# Supplied material:
-=-=-=-=-

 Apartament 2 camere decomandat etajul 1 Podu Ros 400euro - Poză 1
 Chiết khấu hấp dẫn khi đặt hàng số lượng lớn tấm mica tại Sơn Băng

-=-=-=-=-

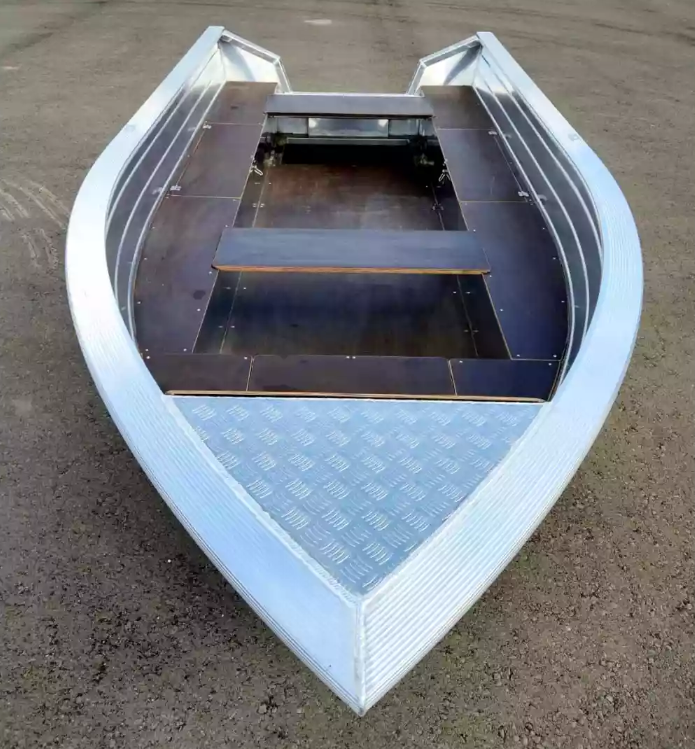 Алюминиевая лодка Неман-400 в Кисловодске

-=-=-=-=-

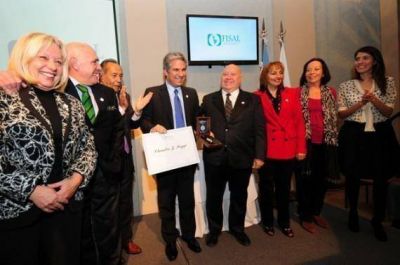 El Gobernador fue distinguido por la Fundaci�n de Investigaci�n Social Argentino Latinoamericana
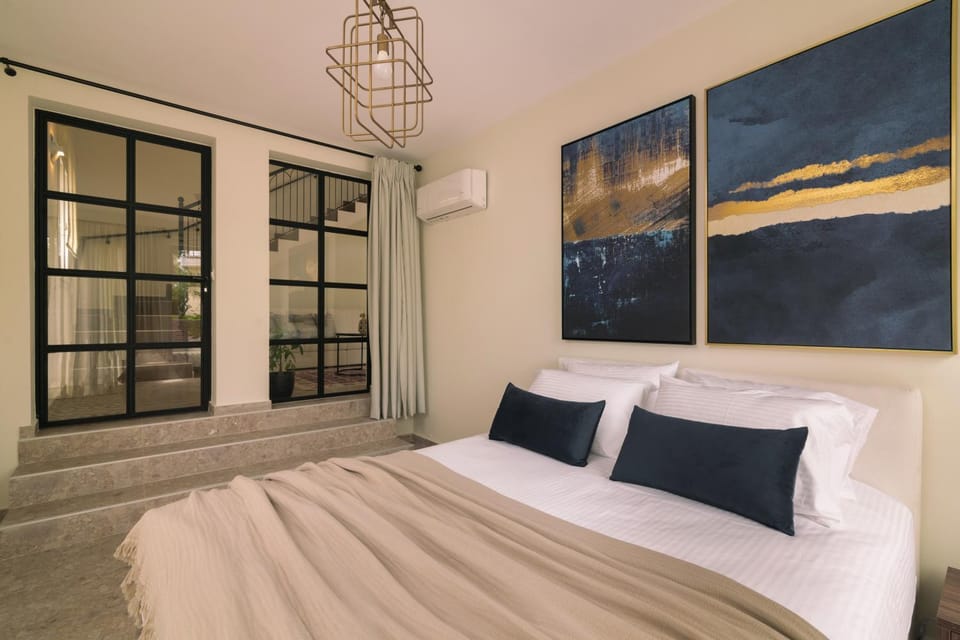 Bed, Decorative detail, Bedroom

-=-=-=-=-

# Goal of the exercise:
Take the lines above from the one containing "Apartament 2 camere" down to the one containing "Chiết khấu hấp", and transcribe them exactly, both ends included.

# Response area:
 Apartament 2 camere decomandat etajul 1 Podu Ros 400euro - Poză 1
 Chiết khấu hấp dẫn khi đặt hàng số lượng lớn tấm mica tại Sơn Băng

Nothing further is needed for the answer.